Lorsque Lera aperçut son père, elle afficha une mine incertaine. Elle semblait hésiter entre la fierté d’avoir remporté le défi et la crainte d’être réprimandée.
Tous partirent à rire. Dans la minute qui suivit, Sachairi fut pris d’assaut par ses enfants qui le pressèrent de questions. Depuis que l’on parlait des agressions et de la venue prochaine d’un groupe de Mages dans la contrée, leur curiosité était piquée au vif et sitôt rentré dans son foyer, il n’avait plus de répit. Comme ils regagnaient la maison tout en chahutant, il en profita pour saluer en aparté les prouesses de sa petite tête brûlée, selon le surnom qu’il avait donné à sa fille. Il lui rappela aussi de ne pas trop causer d’inquiétude à sa mère qui craignait toujours que Lera ne se rompe le cou à trop vouloir suivre les jeux de ses frères.
Seona, l’épouse de Sachairi, observait le petit groupe depuis le devant de la porte de l’arrière-cuisine. Elle s’efforçait d’adopter une attitude sévère mais cachait difficilement l’amusement qui la gagnait. Sachairi salua chaleureusement sa femme en lui enlaçant la taille.
À ces mots, Lera fit la moue tandis que les garçons pouffaient de rire.
D’un geste de la main, elle entraîna sa famille à l’intérieur. Elle jeta un dernier regard vers la barre de fer qui trônait fièrement dans le jardin puis referma la porte.
*
La demeure des Correnaigh était spacieuse. Le rez-de-chaussée était en grande partie occupé par un vaste salon dont le plafond aux poutres apparentes, les murs isolés par un enduit clair et le sol recouvert de dalles en terre cuite de couleur brune apportaient beaucoup de chaleur à la pièce. Une table de banquet en bois massif se trouvait au centre, face à une imposante cheminée dont l’âtre avait noirci au fil des ans. La table de banquet était réservée aux jours de fête et la maisonnée prit place autour d’une table plus petite, installée près d’une fenêtre donnant sur le verger.
Des rires étouffés et des bruits de vaisselle s’échappaient du fond de l’arrière-cuisine. Moyra et Peader, un couple au service de la famille depuis de nombreuses années, s’activaient pour préparer le dîner. Un fumet alléchant envahissait le salon. Moyra apparut quelques minutes plus tard, les bras chargés d’une lourde soupière fumante remplie d’une soupe de cresson qu’elle déposa sur la table.

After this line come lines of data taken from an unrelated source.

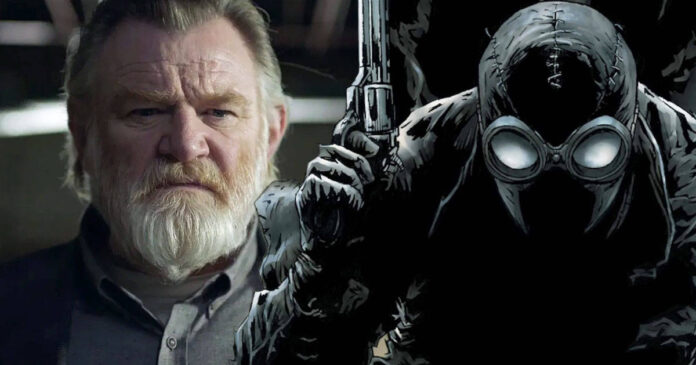 Brendan Gleeson officially swings into Amazon’s Spider-Man Noir series for what’s rumored to be a villainous role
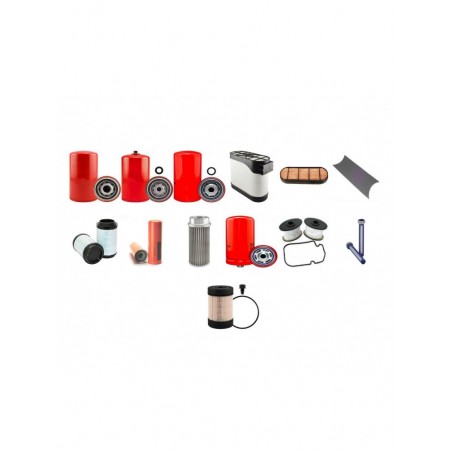 NH W190C TIERIV Filter Kit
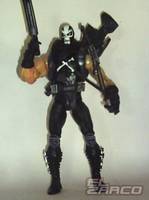 T-Bolts Crossbones (Marvel Legends) Custom Action Figure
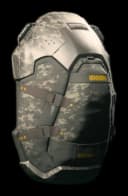 Testudo Backpack Purgatory Camo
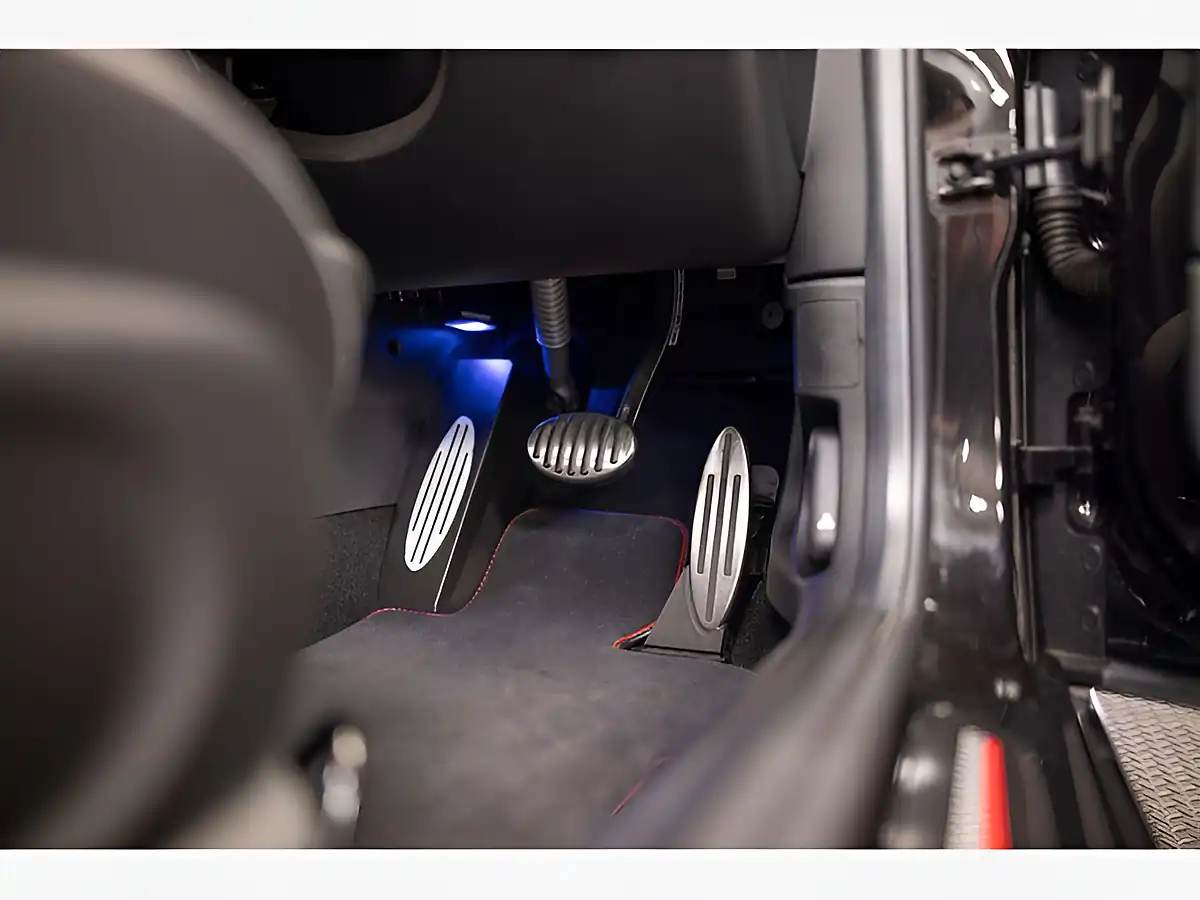 Used 2022 MINI Hatch John Cooper Works Black - Interior and Exterior details 14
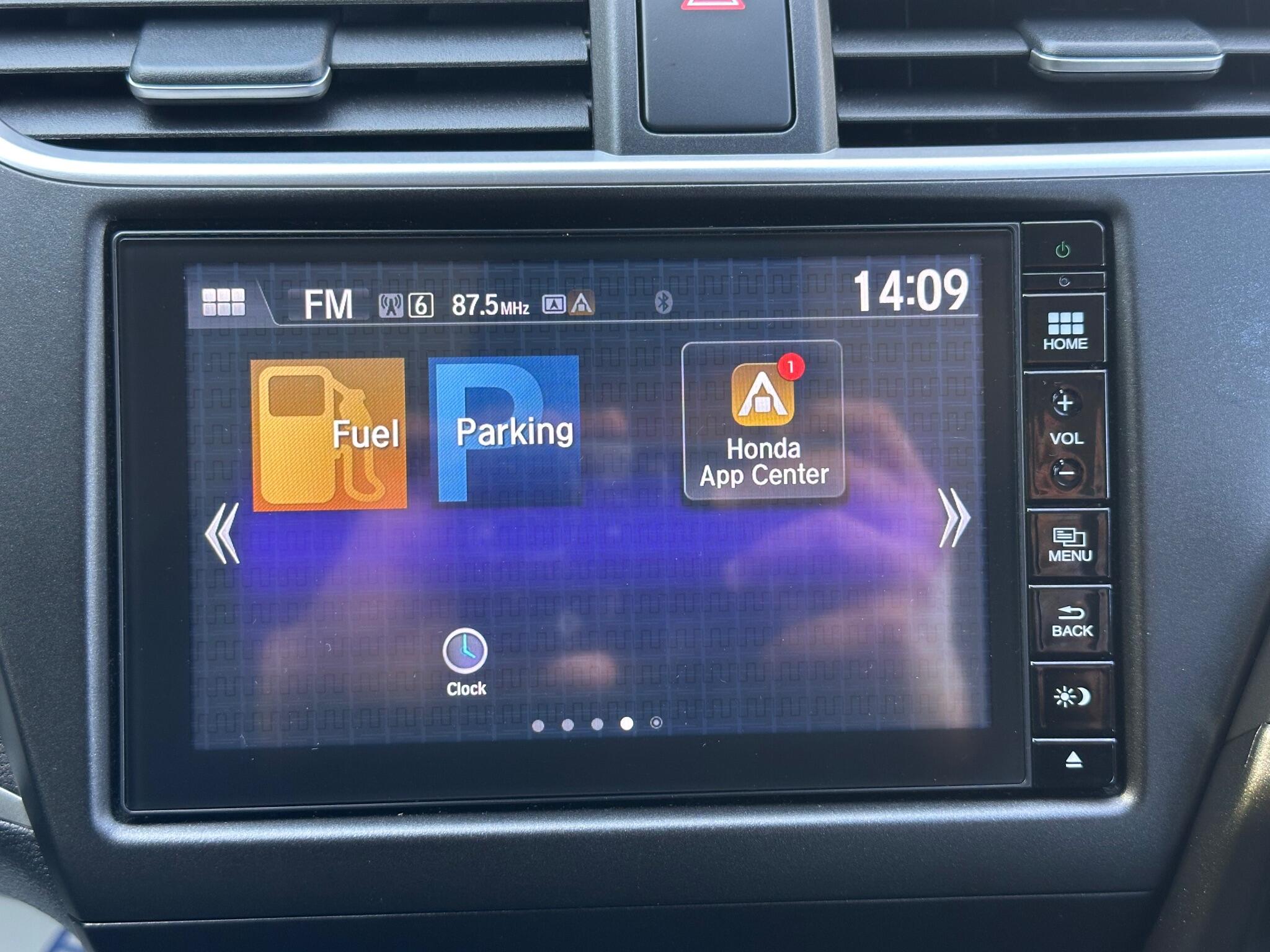 Honda Civic view 53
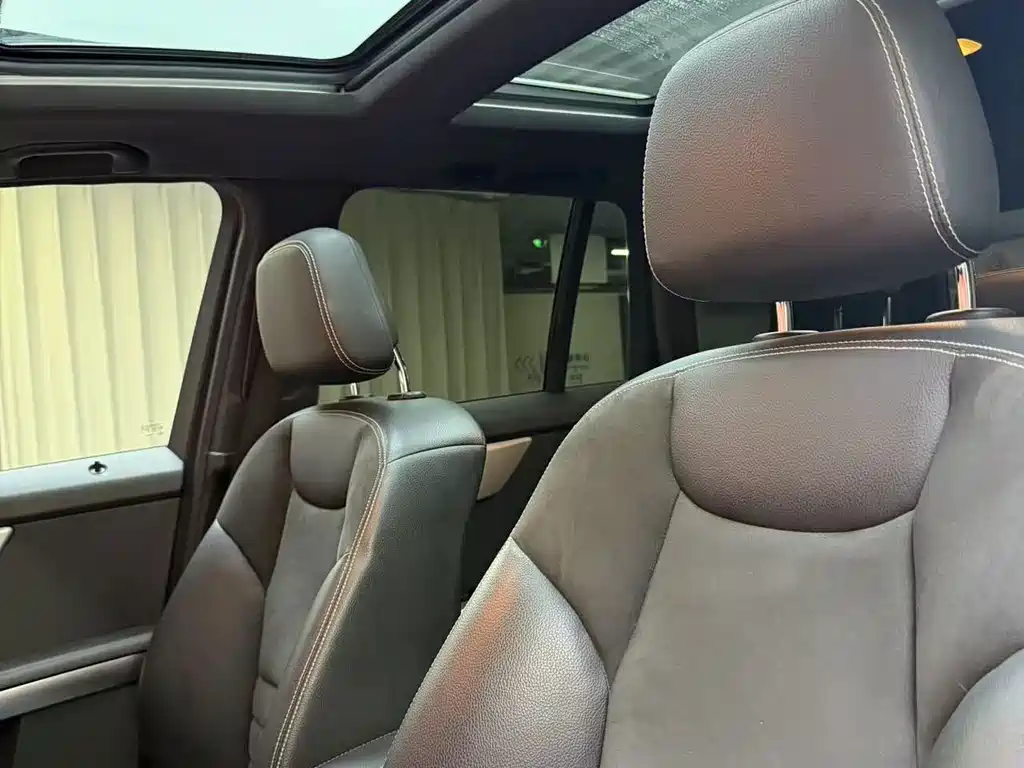 Mercedes-Benz GLK-Class 2015 — фото 13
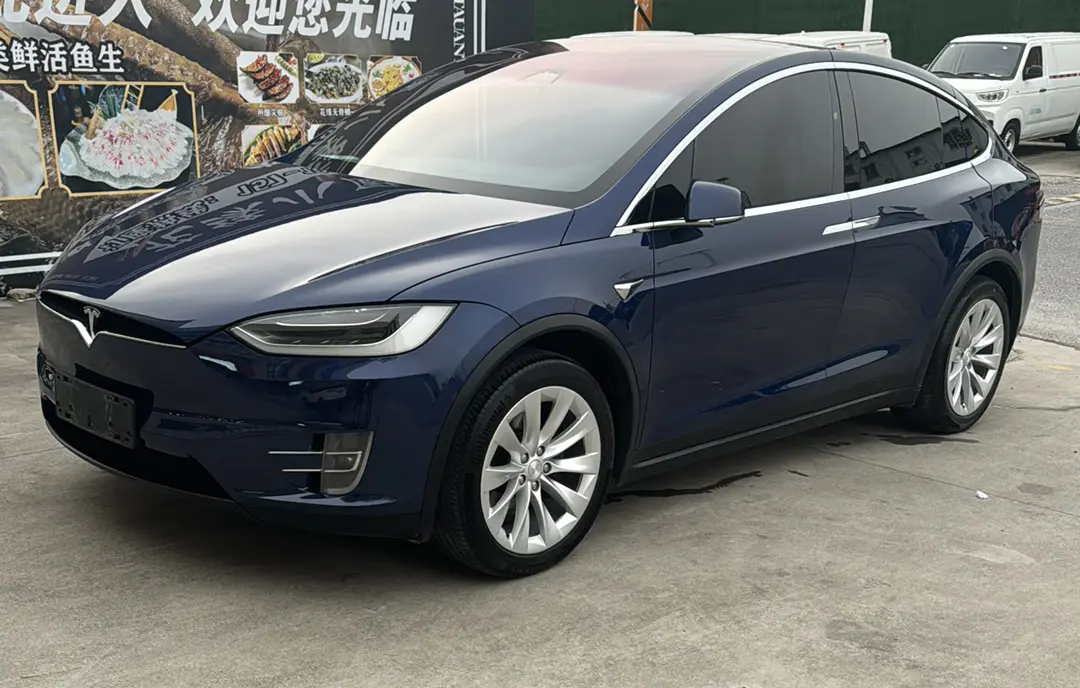 Tesla Model X I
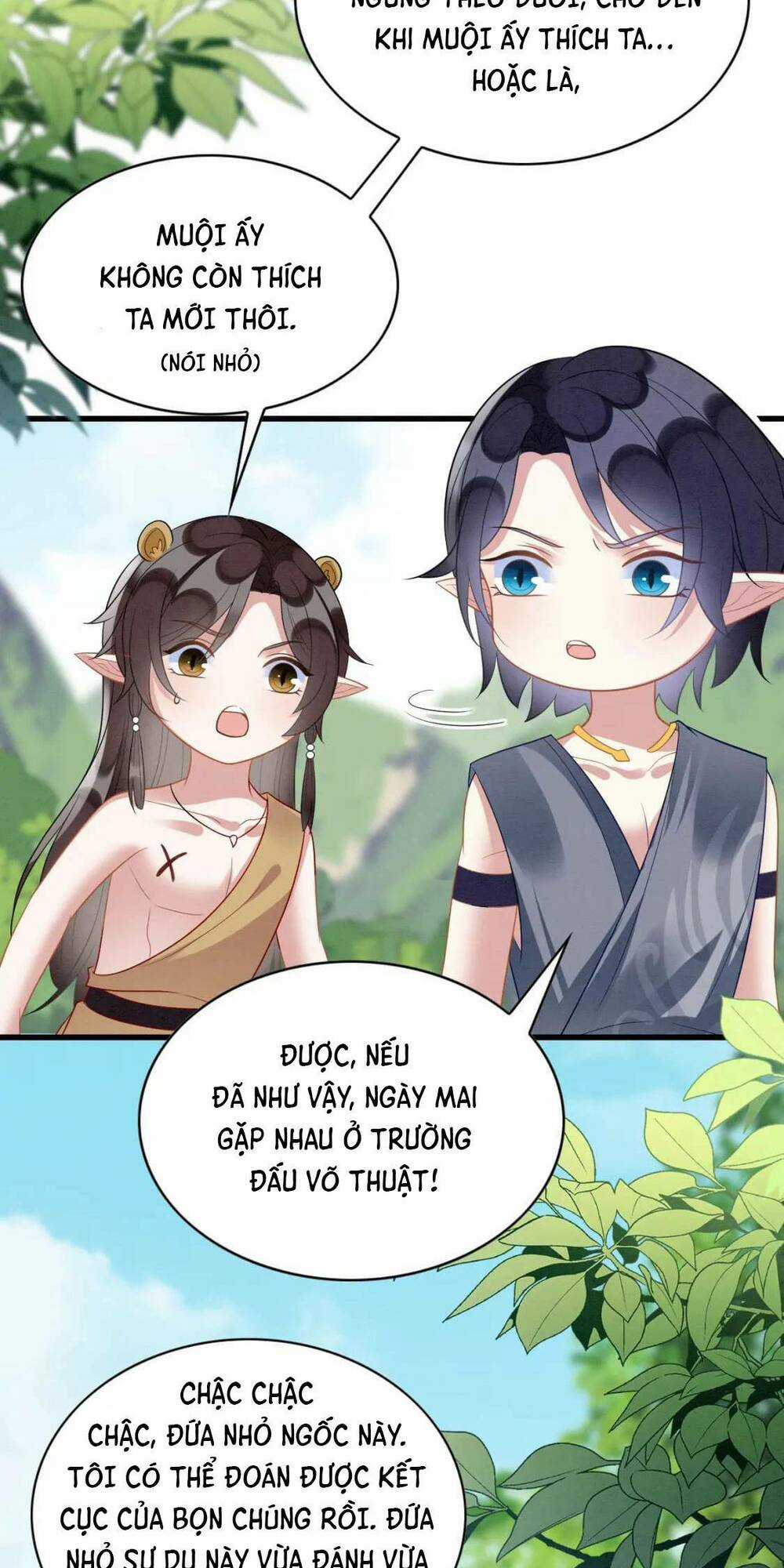 Được Chồng Rắn Siêu Sủng Khi Xuyên Qua Thú Thế Chapter 89 trang 29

Le repas commença et chacun fit honneur à la soupe apportée par Moyra. Durant tout le dîner, la discussion tourna principalement autour de la décision des conseillers et l’éventuelle réponse de la Confrérie. Seona s’enquit du déroulement de la séance du Conseil auprès de son mari. Sachairi relata les événements de la journée mais il épargna à sa famille les détails et s’en tint à la conclusion du Conseil. Les enfants commentaient ses propos d’un ton enjoué, surexcités par les faits inhabituels qui touchaient la contrée.
Les garçons approchaient de l’âge adulte et Niven, le fils aîné de la famille, manifesta une fois de plus sa volonté de prendre part à l’action. Il était âgé de seize ans et son caractère s’était endurci ces derniers temps. Il avait demandé à plusieurs reprises pourquoi son père ne mettait pas en place une expédition pour aller au-devant des agresseurs. Sachairi était prêt à parier que Niven se serait porté volontaire pour en faire partie. Encore une fois, son fils ne manqua pas d’en reparler.